Question

Which one of the following statements is not correct?
a) Oxidation number of S in \[{{(N{{H}_{4}})}_{2}}{{S}_{2}}{{O}_{8}}\] is +6
b) Oxidation number of Os in \[Os{{O}_{4}}\] is +8
c) Oxidation number of S in \[{{H}_{2}}S{{O}_{5}}\] is +8
d) Oxidation number of O in \[K{{O}_{2}}\] is -1/2

Answer 1

Hint: An oxidation state is a number that is assigned to an element in a chemical combination. This number represents the number of electrons that an atom can gain, lose, or share when chemically bonding with an atom of another element.

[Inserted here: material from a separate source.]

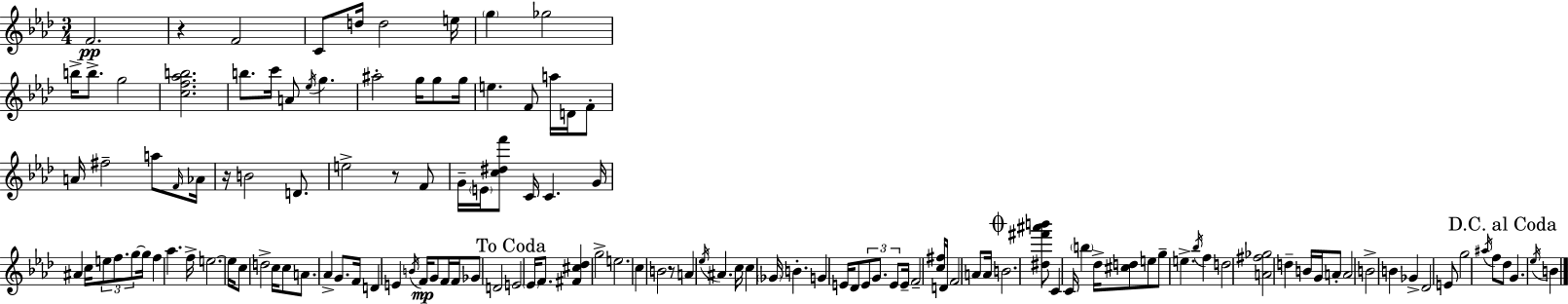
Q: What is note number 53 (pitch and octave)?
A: C5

Complete answer: The oxidation number for mono-atomic ions always has the same value as the net charge corresponding to the ion.
>The hydrogen atom exhibits an oxidation state of +1 but when bonded with an element with less electronegativity than itself it exhibits an oxidation number of -1.
>Oxygen has an oxidation of -2 in most of its compounds. However, in the case of peroxides, the oxidation number corresponding to oxygen is -1.
>Group 1 elements have an oxidation state of +1 in their compounds.
>All group 2 elements exhibit an oxidation state of +2 in their compounds.
>In the compounds made up of two elements, a group 17 element has an oxidation number of -1 assigned to them.
>In the case of neutral compounds, the sum of all the oxidation numbers of the constituent atoms totals to zero and When polyatomic ions are considered, the sum of all the oxidation numbers of the atoms that constitute them equals the net charge of the polyatomic ion.
>Now, in the given compound \[{{(N{{H}_{4}})}_{2}}{{S}_{2}}{{O}_{8}}\],
Let's take the oxidation state of sulphur in the given compound as x.
We know that the oxidation state of ammonium ion (\[N{{H}_{4}}\]) is +1.
\[\begin{align}
  & 2\times (1)+2x+8\times (-2)=0 \\
 & 2x-14=0 \\
 & x=+7 \\
\end{align}\]
Similarly, in \[Os{{O}_{4}}\], the oxidation state of Oxygen is -2.
Let's take the oxidation state of osmium as x.
\[\begin{align}
  & x+4\times (-2)=0 \\
 & 2x=-1 \\
 & x=-\frac{1}{2} \\
\end{align}\]
In \[{{H}_{2}}S{{O}_{5}}\], the oxidation state of oxygen is -2 and hydrogen is +1.
Let's take the oxidation state of sulphur as x.
\[\begin{align}
  & 1\times (2)+x+5\times (-2)=0 \\
 & 2+x-10=0 \\
 & x=+8 \\
\end{align}\]
Now, in \[K{{O}_{2}}\], the oxidation state of potassium is +1.
Let's take the oxidation state of Oxygen as x
\[\begin{align}
  & 1+2x=0 \\
 & 2x=-1 \\
 & x=-\frac{1}{2} \\
\end{align}\]


Therefore, from the above statements we can say that the correct option is (a).

Note: When you have to find the oxidation number of the ligands, if it is a molecule/polyatomic ion, for example, ammine (\[N{{H}_{3}}\]) is a neutral ligand so charge on it will be zero, use the standard overall charge of the species. If it is one atom, use the oxidation state rules to look up for its oxidation number.